Download or read book Medical Image Recognition Segmentation and Parsing written by S. Kevin Zhou and published by Academic Press. This book was released on 2015-12-11 with total page 548 pages. Available in PDF, EPUB and Kindle. Book excerpt: This book describes the technical problems and solutions for automatically recognizing and parsing a medical image into multiple objects, structures, or anatomies. It gives all the key methods, including state-of- the-art approaches based on machine learning, for recognizing or detecting, parsing or segmenting, a cohort of anatomical structures from a medical image. Written by top experts in Medical Imaging, this book is ideal for university researchers and industry practitioners in medical imaging who want a complete reference on key methods, algorithms and applications in medical image recognition, segmentation and parsing of multiple objects. Learn: Research challenges and problems in medical image recognition, segmentation and parsing of multiple objects Methods and theories for medical image recognition, segmentation and parsing of multiple objects Efficient and effective machine learning solutions based on big datasets Selected applications of medical image parsing using proven algorithms Provides a comprehensive overview of state-of-the-art research on medical image recognition, segmentation, and parsing of multiple objects Presents efficient and effective approaches based on machine learning paradigms to leverage the anatomical context in the medical images, best exemplified by large datasets Includes algorithms for recognizing and parsing of known anatomies for practical applications

Book Deep Learning Applications in Medical Imaging

Download or read book Deep Learning Applications in Medical Imaging written by Saxena, Sanjay and published by IGI Global.
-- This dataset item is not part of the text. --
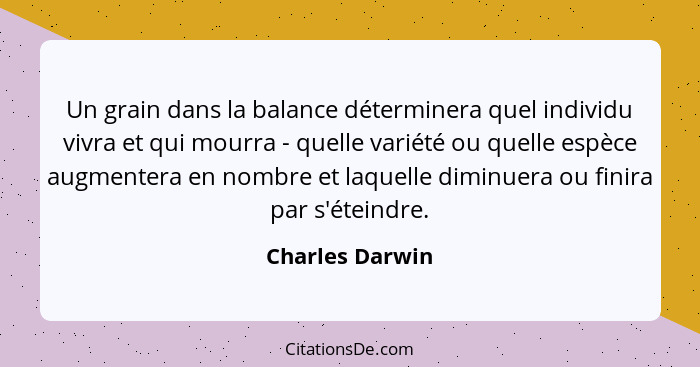 Un grain dans la balance déterminera quel individu vivra et qui mourra - quelle variété ou quelle espèce augmentera en nombre et laqu... - Charles Darwin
This book was released on 2020-10-16 with total page 274 pages. Available in PDF, EPUB and Kindle. Book excerpt: Before the modern age of medicine, the chance of surviving a terminal disease such as cancer was minimal at best. After embracing the age of computer-aided medical analysis technologies, however, detecting and preventing individuals from contracting a variety of life-threatening diseases has led to a greater survival percentage and increased the development of algorithmic technologies in healthcare. Deep Learning Applications in Medical Imaging is a pivotal reference source that provides vital research on the application of generating pictorial depictions of the interior of a body for medical intervention and clinical analysis. While highlighting topics such as artificial neural networks, disease prediction, and healthcare analysis, this publication explores image acquisition and pattern recognition as well as the methods of treatment and care. This book is ideally designed for diagnosticians, medical imaging specialists, healthcare professionals, physicians, medical researchers, academicians, and students.

Book Learning Abdominal Imaging

    Book Details:
  • Author : Antonio Luna
  • Publisher : Springer Science & Business Media
  • Release : 2012-03-23
  • ISBN : 354088002X
  • Pages : 267 pages

Download or read book Learning Abdominal Imaging written by Antonio Luna and published by Springer Science & Business Media. This book was released on 2012-03-23 with total page 267 pages. Available in PDF, EPUB and Kindle. Book excerpt: This book is an ideal introduction to the use of radiology in imaging diseases of the liver, gallbladder and biliary system, pancreas, spleen, and gastrointestinal tract. Each of the ten chapters is devoted to a particular organ and contains ten illustrated case reports drawn from clinical practice. Common clinical situations and indications for imaging are reviewed, and clear descriptions are provided of the various imaging techniques that will assist in resolving diagnostic and therapeutic dilemmas. This book is recommended for medical students, residents, and inexperienced abdominal radiologists.